September 20, 2009

Sunday Afternoon Post


As ironic as many modern day readers might find it, Emily Post absolutely detests pretentious behavior. From what I can tell thus far, Emily does not define pretension, but rather provides her reader with examples of it. The examples range a variety of behaviors, but they all seem to fall under the broad category of behaviors that feign culture. Emily believes that false presentations of culture have become so problematic that she states culture to be:
[a] word rarely used by those who truly possess it, but so constantly misused by those who understand nothing of its meaning, that it is becoming a synonym for vulgarity and imitation.
In her world, the cultural impostor is a person in the poorest of taste. Right below the cultural impostor on Emily's list of people she holds in low regard is the individual who misguidedly exhibits behaviors in attempt to display evidence of culture and good taste when, in reality, those behaviors, per se, are evidence of the contrary. For example, as the last paragraph in chapter on long letters, Emily writes:
[n]ever sprinkle French, Italian, or any other foreign words through a letter written in English. You do not give an impression of cultivation, but of ignorance of your own language. Use a foreign word if it has no English equivalent, not otherwise unless it has become Anglicized. If hesitating between two words, always select the one of Saxon origin rather than Latin. For the best selection of words to use, study the King James version of the Bible.
Aside from the ethnocentrism with which Emily writes, her point makes a great deal of sense. It seems only proper that when writing to someone that you would use the vocabulary that the reader of your letter would most likely be acquainted. And, in 1922 America, most people would be at least well versed in the language of the Bible.

This thread of analysis leads us to Emily's central point on what makes good etiquette. To Emily Post, good etiquette is the practice of making people comfortable. And, from what I can tell, pretension tends to make people uncomfortable, and that is why it's so bad.

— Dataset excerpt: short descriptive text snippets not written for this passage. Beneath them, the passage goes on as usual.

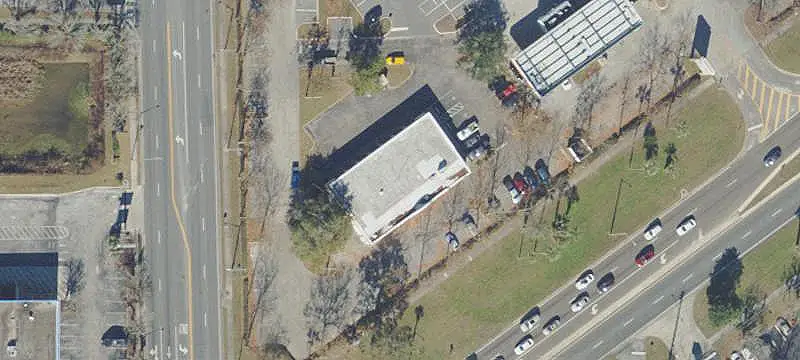 Retail Space at Signalized Intersection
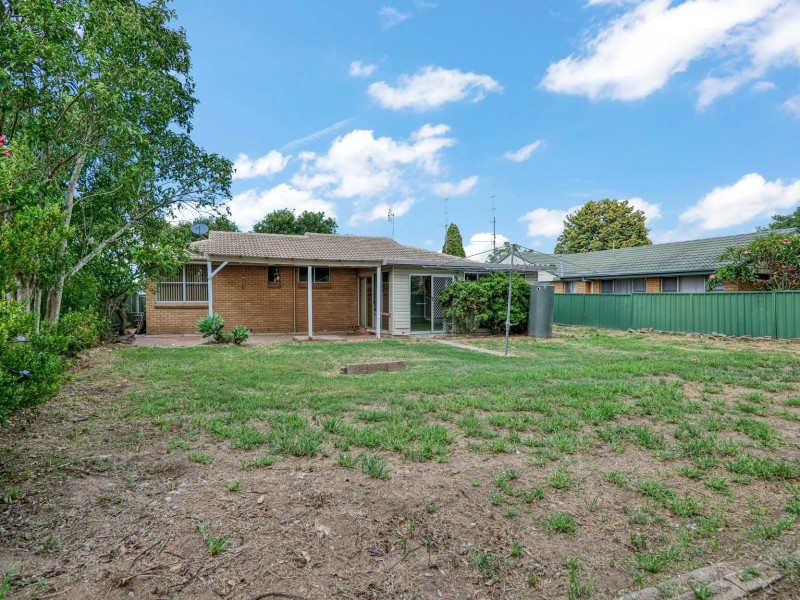 73 Lawson Avenue, Singleton NSW 2330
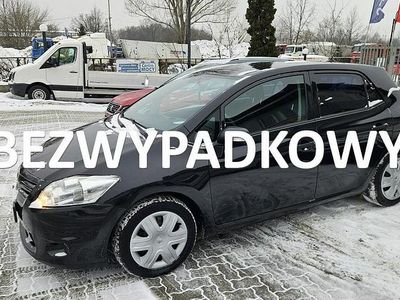 Używany Toyota Auris 97 KM (71 kW) 2011 Czarny (metalik) Hatchback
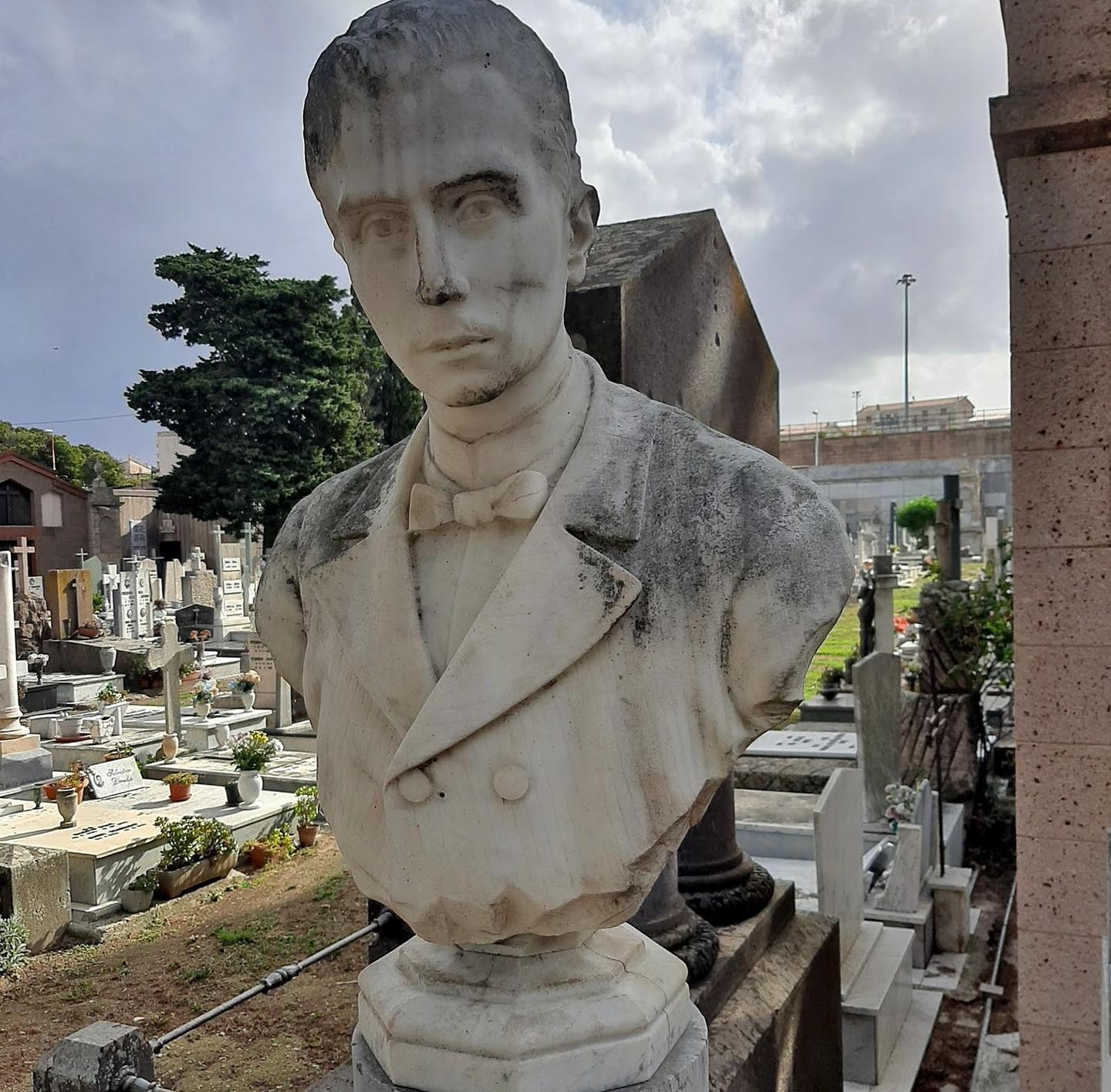 Il dramma dietro il busto di un 20enne 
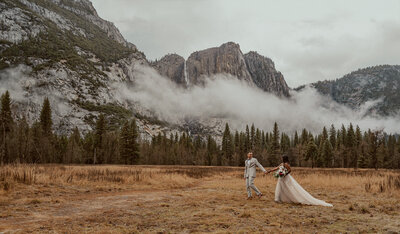 bride and groom at glacier point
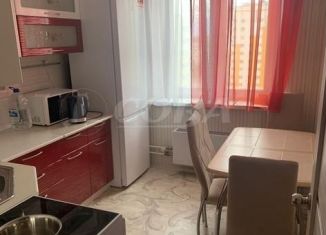 Аренда 1-комнатной квартиры, 38 м2, Тобольск, 10-й микрорайон, 74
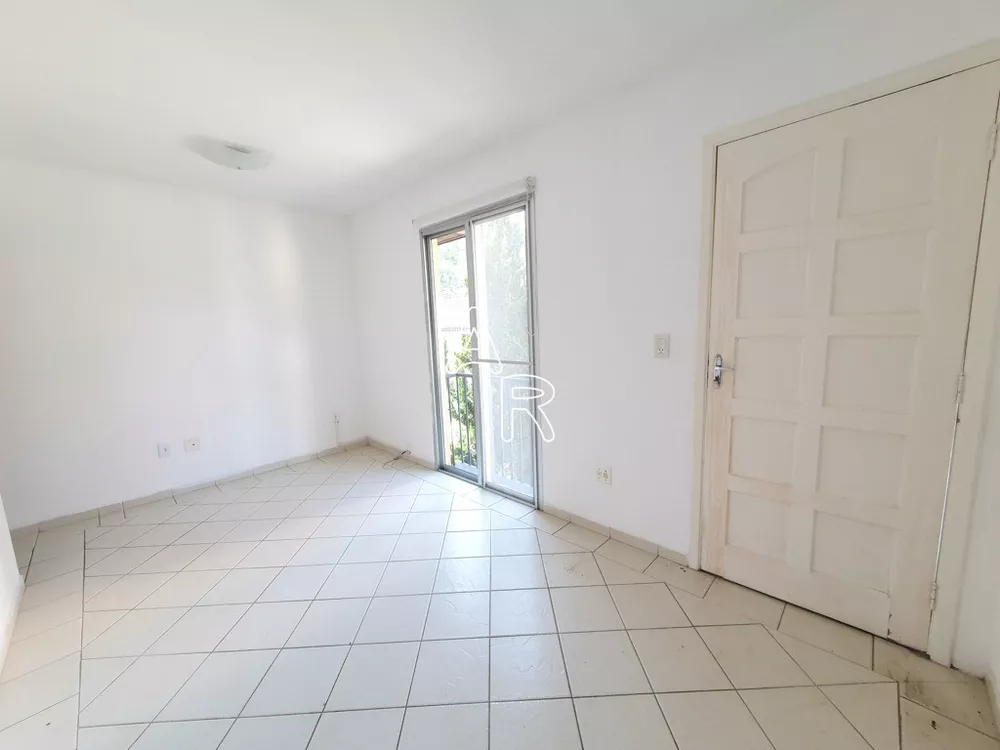 Casa de Condomínio à venda com 2 quartos, 50m² - Foto 2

This post is part of an occasional series highlighting the rules of etiquette as recorded in 1922, by Emily Post in her seminal text Etiquette.

5 comments:

phonelady said...

I love it . thanks for sharing and for posting this .

PostMuse said...

What some perceive as pretension is simply intelligence. That also makes some people uncomfortable, which is why they perceive it as pretension.

everydaycorrespondence.com said...

Touche PostMuse. But I think that Emily would distinguish genuine use of intelligence with pretension.

For example, I speculate that she would consider mastery of one's own language more impressive than knowledge of a few words of a foreign language. So, in her world, the true challenge is in making yourself well understood is the true challenge, while using French phrases is a cop-out. Does that make sense?

Emily never writes about what she considers to be pretension on point, so this is just what I have inducted from her examples of pretension. ...of course, I've also had to strip away her xenophobia to get arrive at these conclusions, too.

Thanks for the comments!

James

PostMuse said...

Oh dear, my observation was not meant to be at anyone's expense. No touché intended. But, yes, making oneself well understood is indeed much more important than sounding "cultured" by sprinkling foreign words about like seasoning. I understand the thrust of Mrs. Post's argument, though I do believe it is more difficult to find those who are able to distinguish between intelligence and pretension today.

James said...

PostMuse,
I couldn't agree more.

Thanks, again, for being such a great contributor. I love it when posts stimulate dialogue.


James

P.S. And leave it to me forget to proofread a comment about the importance of making one's self easily understood. Sorry about that.